=== Section Start ===

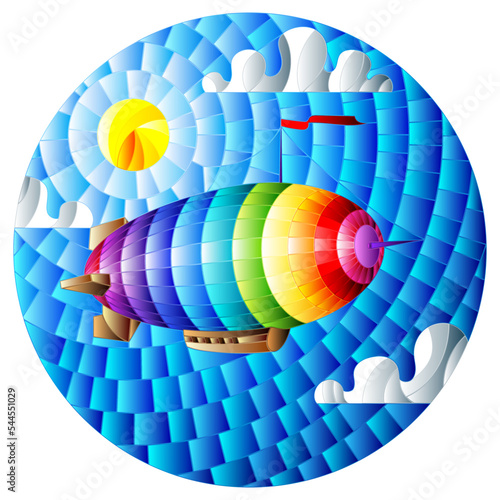 Illustration in stained glass style with balloon on sky, sun and clouds background, oval picture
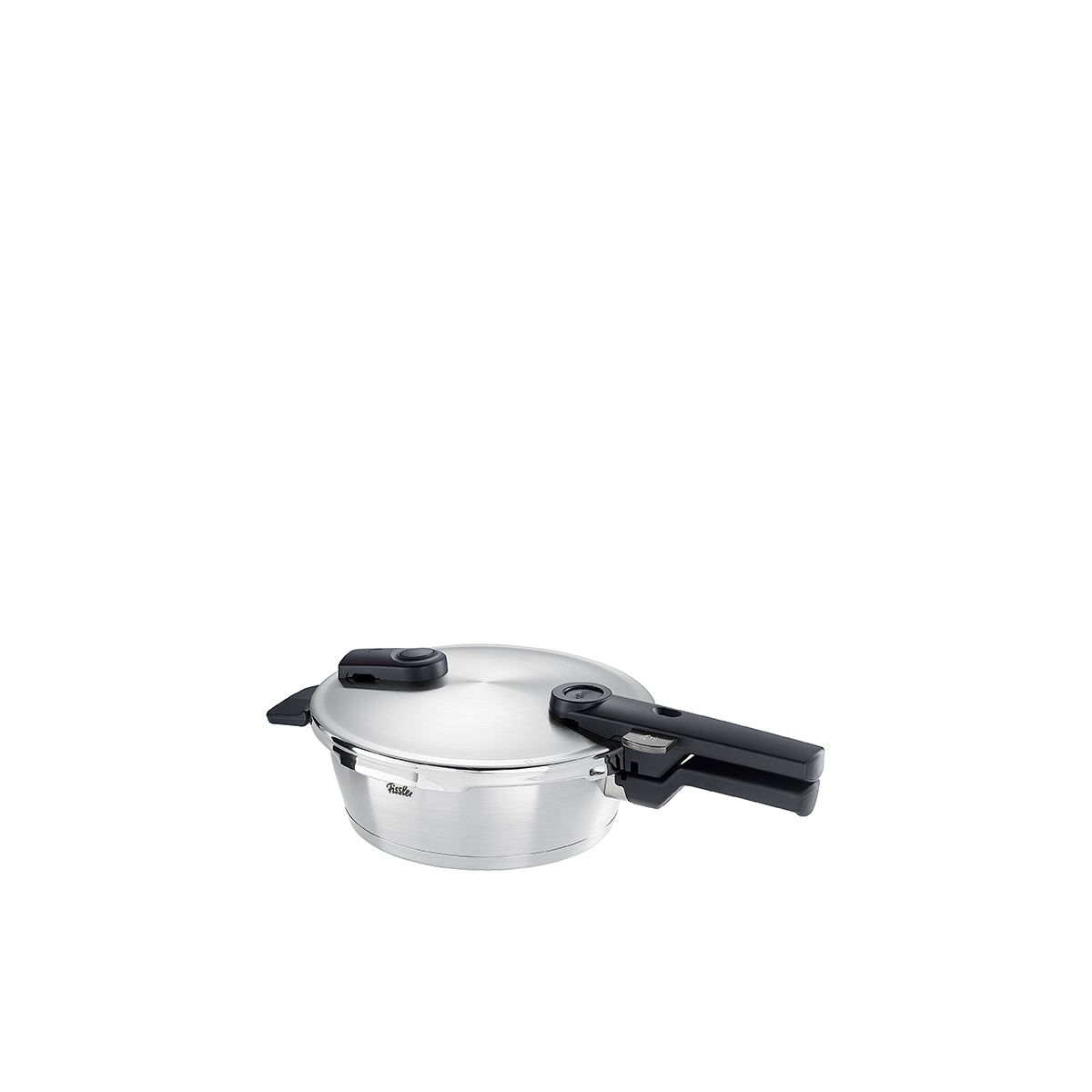Fissler Vitaquick® Premium 22cm/2.5L Pressure Frypan with safety valve and black handle on white background. Made in Germany.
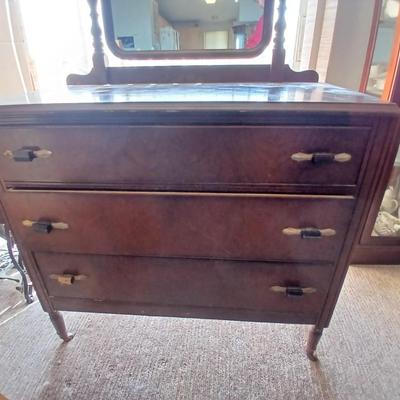 Antique Wooden Walnut Dresser with Ornate carved Mirror Swivel Mirror – 3 Drawers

=== Section End ===

Every word of the data should be reproduced exactly; please omit any pictures.

## Result below
 Illustration in stained glass style with balloon on sky, sun and clouds background, oval picture
Fissler Vitaquick® Premium 22cm/2.5L Pressure Frypan with safety valve and black handle on white background. Made in Germany.
 Antique Wooden Walnut Dresser with Ornate carved Mirror Swivel Mirror – 3 Drawers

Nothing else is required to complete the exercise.